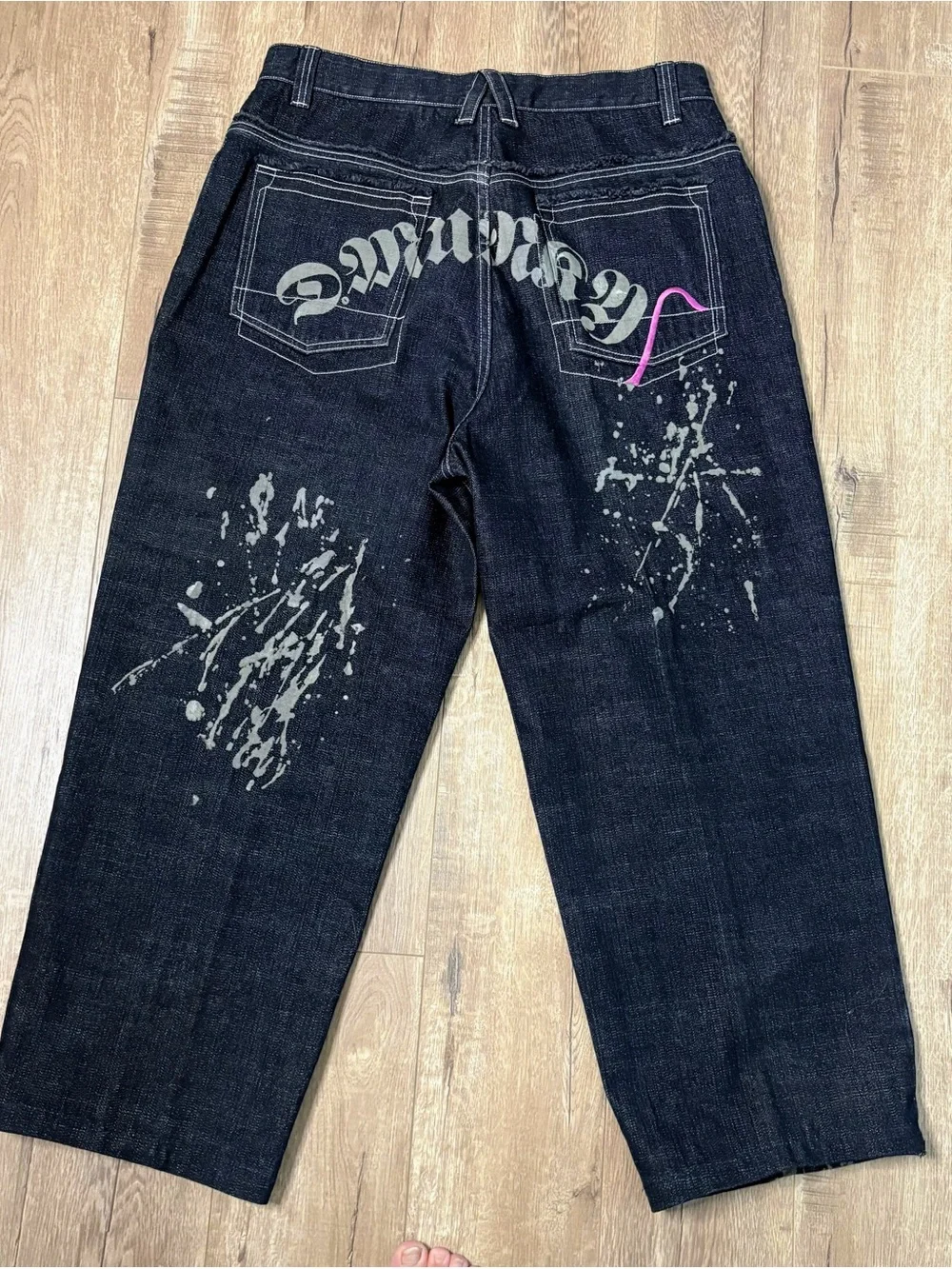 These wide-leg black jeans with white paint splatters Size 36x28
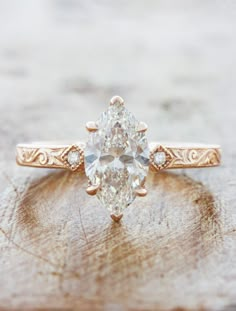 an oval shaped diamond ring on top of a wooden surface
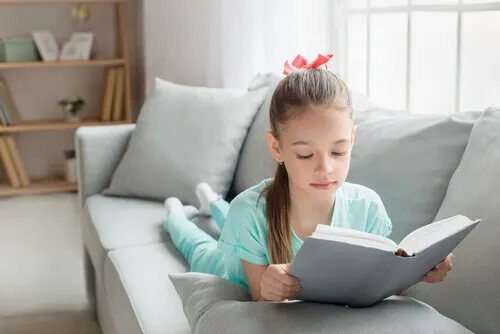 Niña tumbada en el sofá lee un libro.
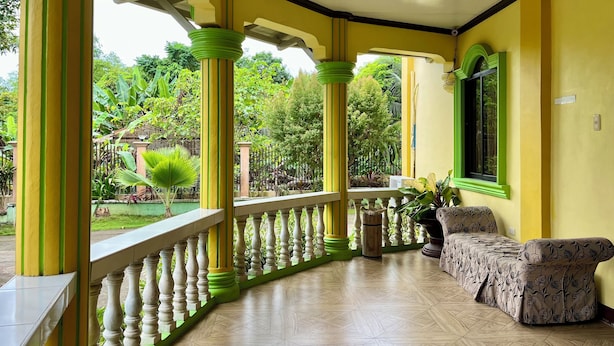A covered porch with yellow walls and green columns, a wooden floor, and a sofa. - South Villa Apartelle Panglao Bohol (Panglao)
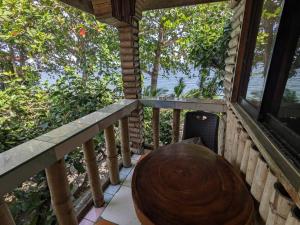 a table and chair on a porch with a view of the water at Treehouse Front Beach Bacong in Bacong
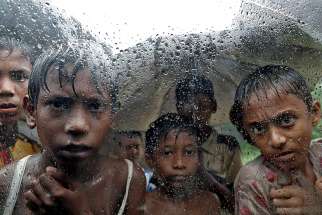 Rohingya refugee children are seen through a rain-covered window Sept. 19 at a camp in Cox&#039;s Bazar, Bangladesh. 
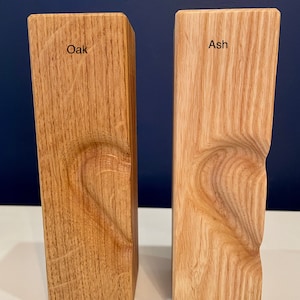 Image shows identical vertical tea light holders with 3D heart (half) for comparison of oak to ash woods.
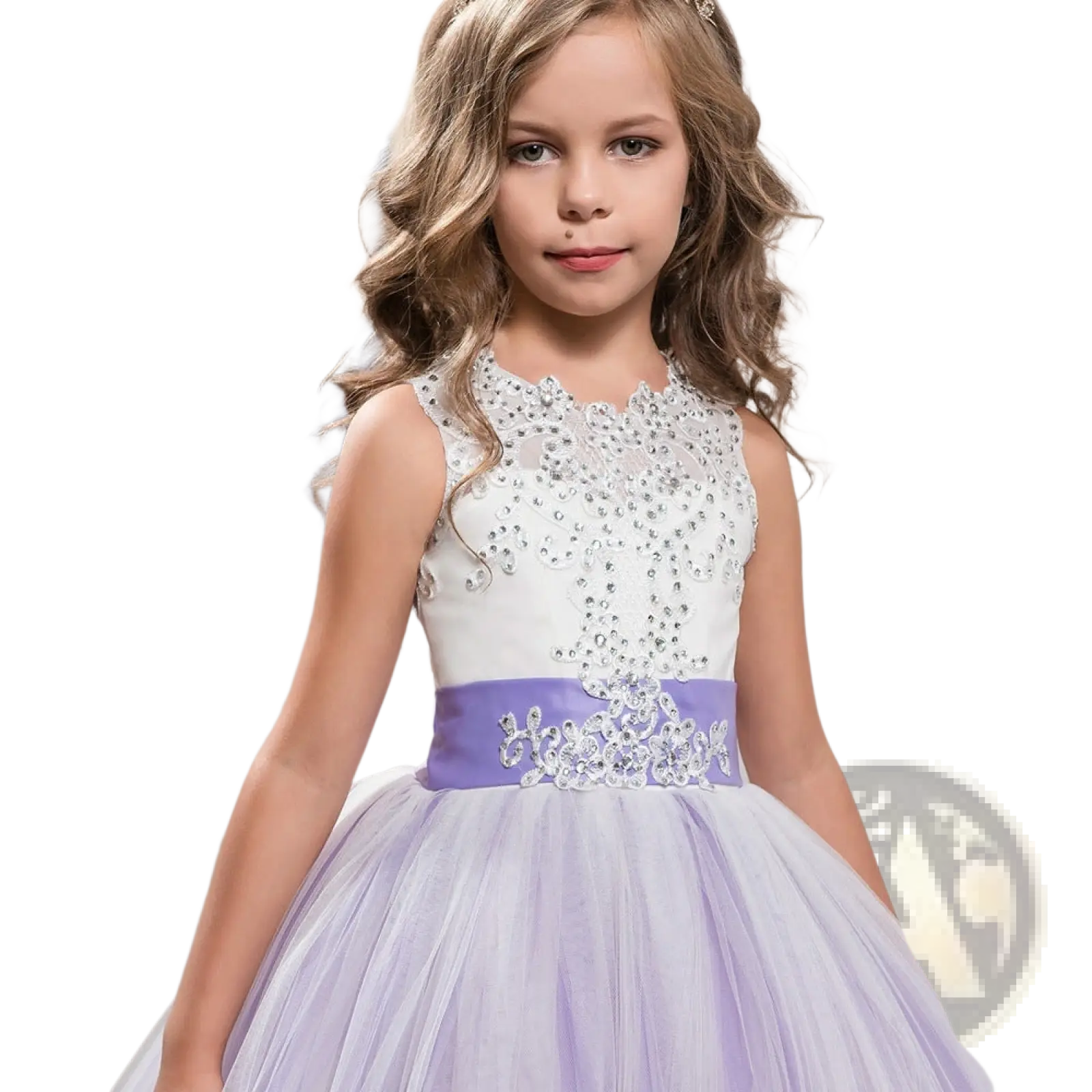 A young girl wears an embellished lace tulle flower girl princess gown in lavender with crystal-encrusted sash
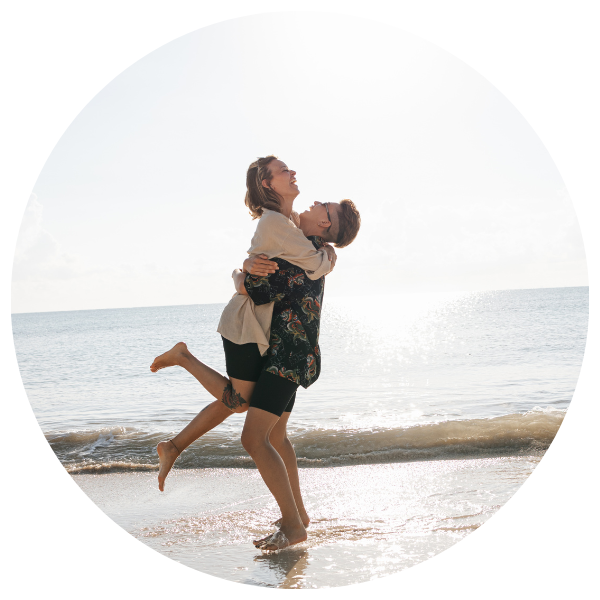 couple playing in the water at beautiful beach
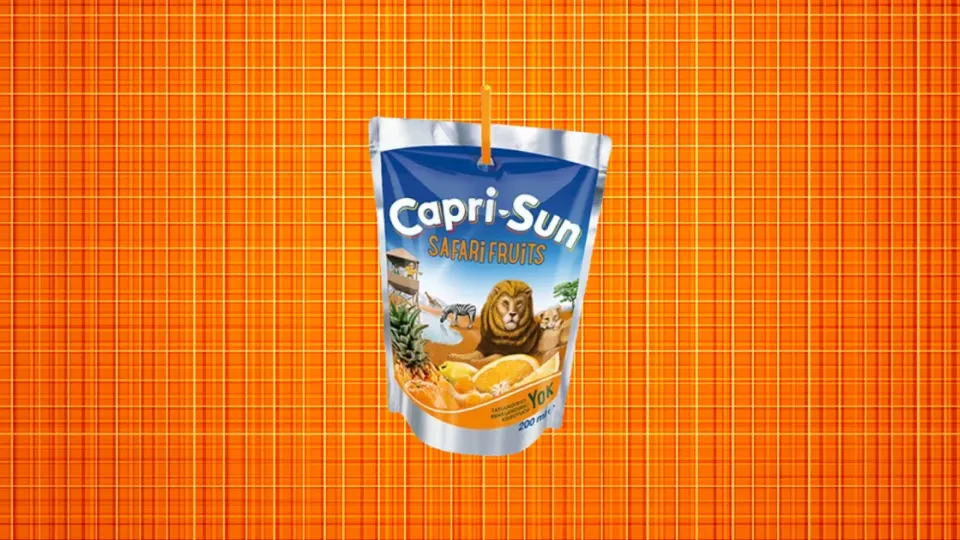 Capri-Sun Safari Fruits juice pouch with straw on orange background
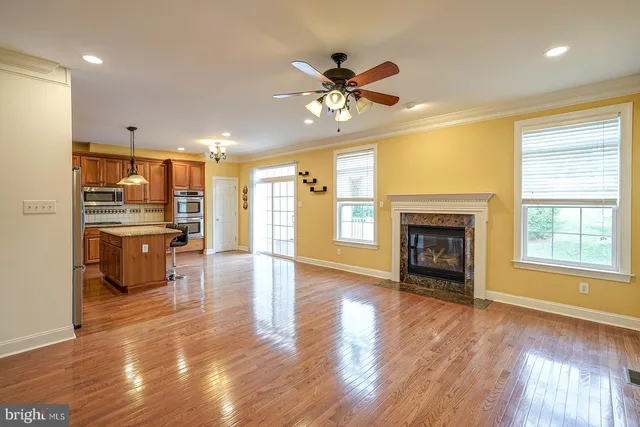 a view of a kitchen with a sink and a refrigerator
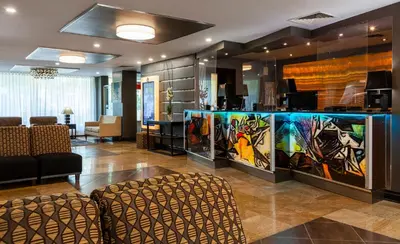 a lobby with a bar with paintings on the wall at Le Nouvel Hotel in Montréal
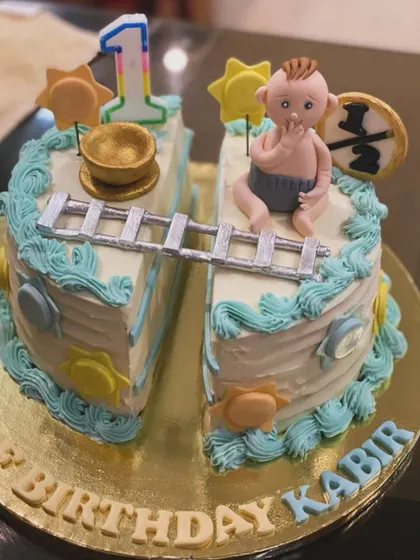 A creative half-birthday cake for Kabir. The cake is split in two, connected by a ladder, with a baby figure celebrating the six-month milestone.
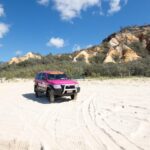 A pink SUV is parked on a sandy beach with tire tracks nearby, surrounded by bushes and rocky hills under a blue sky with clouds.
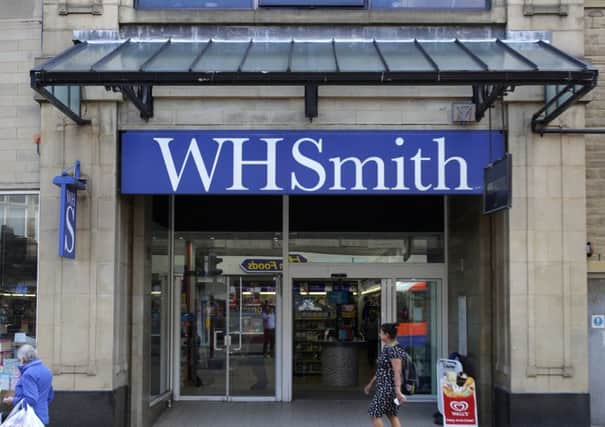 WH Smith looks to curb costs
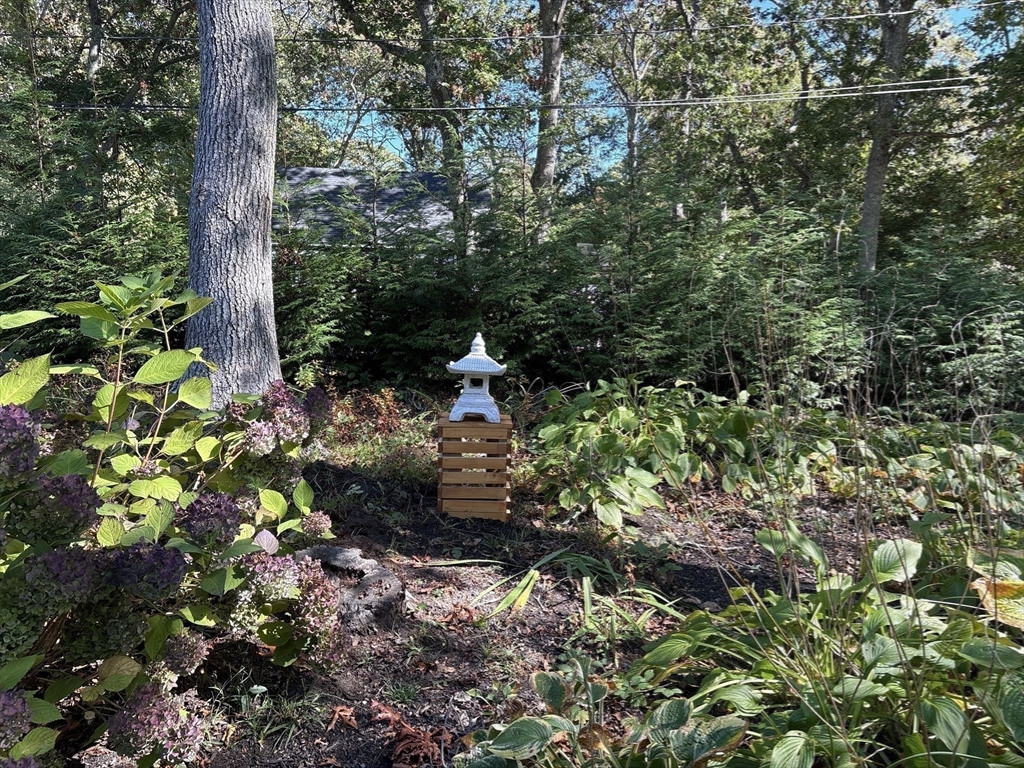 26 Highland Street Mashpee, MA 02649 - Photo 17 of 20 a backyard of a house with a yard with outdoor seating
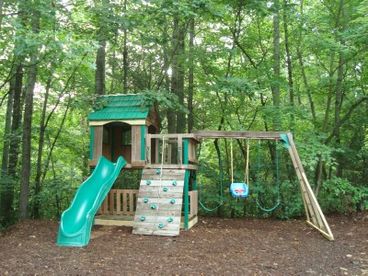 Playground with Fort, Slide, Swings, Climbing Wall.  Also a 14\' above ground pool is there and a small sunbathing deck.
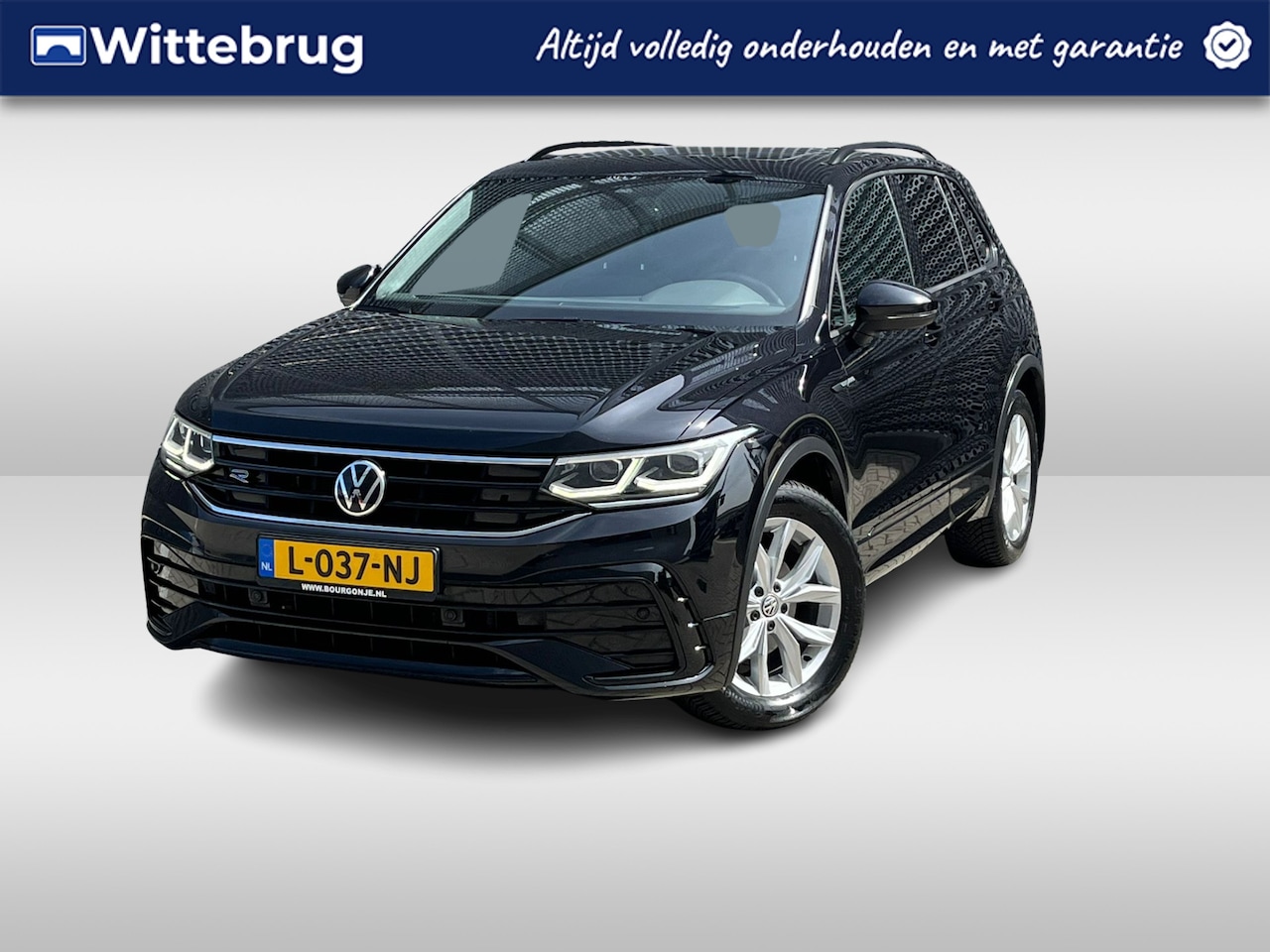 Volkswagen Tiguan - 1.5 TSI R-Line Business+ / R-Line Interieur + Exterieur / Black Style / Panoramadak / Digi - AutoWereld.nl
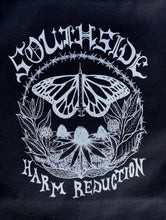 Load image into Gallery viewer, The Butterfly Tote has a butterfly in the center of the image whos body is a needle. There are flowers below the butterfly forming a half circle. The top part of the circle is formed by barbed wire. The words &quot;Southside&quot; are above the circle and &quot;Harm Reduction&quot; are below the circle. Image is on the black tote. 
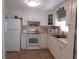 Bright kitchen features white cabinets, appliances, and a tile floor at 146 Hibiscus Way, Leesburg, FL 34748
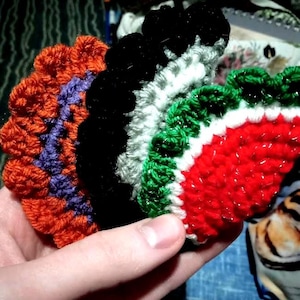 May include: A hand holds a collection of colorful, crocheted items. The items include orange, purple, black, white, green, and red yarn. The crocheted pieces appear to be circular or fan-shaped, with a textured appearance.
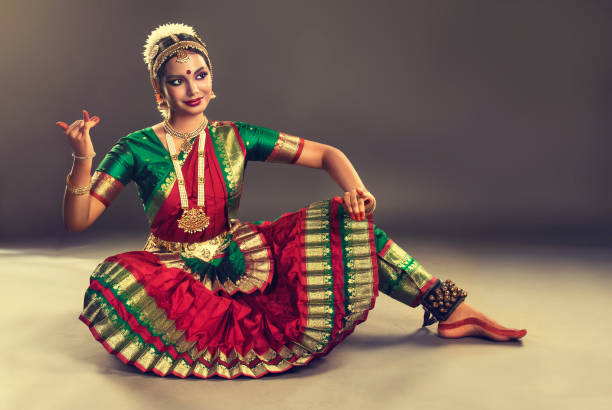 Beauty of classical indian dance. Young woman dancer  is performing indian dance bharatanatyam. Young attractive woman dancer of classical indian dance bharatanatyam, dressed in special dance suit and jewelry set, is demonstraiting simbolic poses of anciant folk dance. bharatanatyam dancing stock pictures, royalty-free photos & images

============================================================

What the exercise asks
Reproduce each line of the records above, exactly and without pictures.

Expected answer
 These wide-leg black jeans with white paint splatters Size 36x28
 an oval shaped diamond ring on top of a wooden surface
 Niña tumbada en el sofá lee un libro.
A covered porch with yellow walls and green columns, a wooden floor, and a sofa. - South Villa Apartelle Panglao Bohol (Panglao)
 a table and chair on a porch with a view of the water at Treehouse Front Beach Bacong in Bacong
 Rohingya refugee children are seen through a rain-covered window Sept. 19 at a camp in Cox&#039;s Bazar, Bangladesh. 
 Image shows identical vertical tea light holders with 3D heart (half) for comparison of oak to ash woods.
 A young girl wears an embellished lace tulle flower girl princess gown in lavender with crystal-encrusted sash
 couple playing in the water at beautiful beach
 Capri-Sun Safari Fruits juice pouch with straw on orange background
 a view of a kitchen with a sink and a refrigerator
 a lobby with a bar with paintings on the wall at Le Nouvel Hotel in Montréal
 A creative half-birthday cake for Kabir. The cake is split in two, connected by a ladder, with a baby figure celebrating the six-month milestone.
 A pink SUV is parked on a sandy beach with tire tracks nearby, surrounded by bushes and rocky hills under a blue sky with clouds.
 WH Smith looks to curb costs
 26 Highland Street Mashpee, MA 02649 - Photo 17 of 20 a backyard of a house with a yard with outdoor seating
 Playground with Fort, Slide, Swings, Climbing Wall.  Also a 14\' above ground pool is there and a small sunbathing deck.
 Volkswagen Tiguan - 1.5 TSI R-Line Business+ / R-Line Interieur + Exterieur / Black Style / Panoramadak / Digi - AutoWereld.nl
 Load image into Gallery viewer, The Butterfly Tote has a butterfly in the center of the image whos body is a needle. There are flowers below the butterfly forming a half circle. The top part of the circle is formed by barbed wire. The words &quot;Southside&quot; are above the circle and &quot;Harm Reduction&quot; are below the circle. Image is on the black tote. 
 Bright kitchen features white cabinets, appliances, and a tile floor at 146 Hibiscus Way, Leesburg, FL 34748
 May include: A hand holds a collection of colorful, crocheted items. The items include orange, purple, black, white, green, and red yarn. The crocheted pieces appear to be circular or fan-shaped, with a textured appearance.
 Beauty of classical indian dance. Young woman dancer  is performing indian dance bharatanatyam. Young attractive woman dancer of classical indian dance bharatanatyam, dressed in special dance suit and jewelry set, is demonstraiting simbolic poses of anciant folk dance. bharatanatyam dancing stock pictures, royalty-free photos & images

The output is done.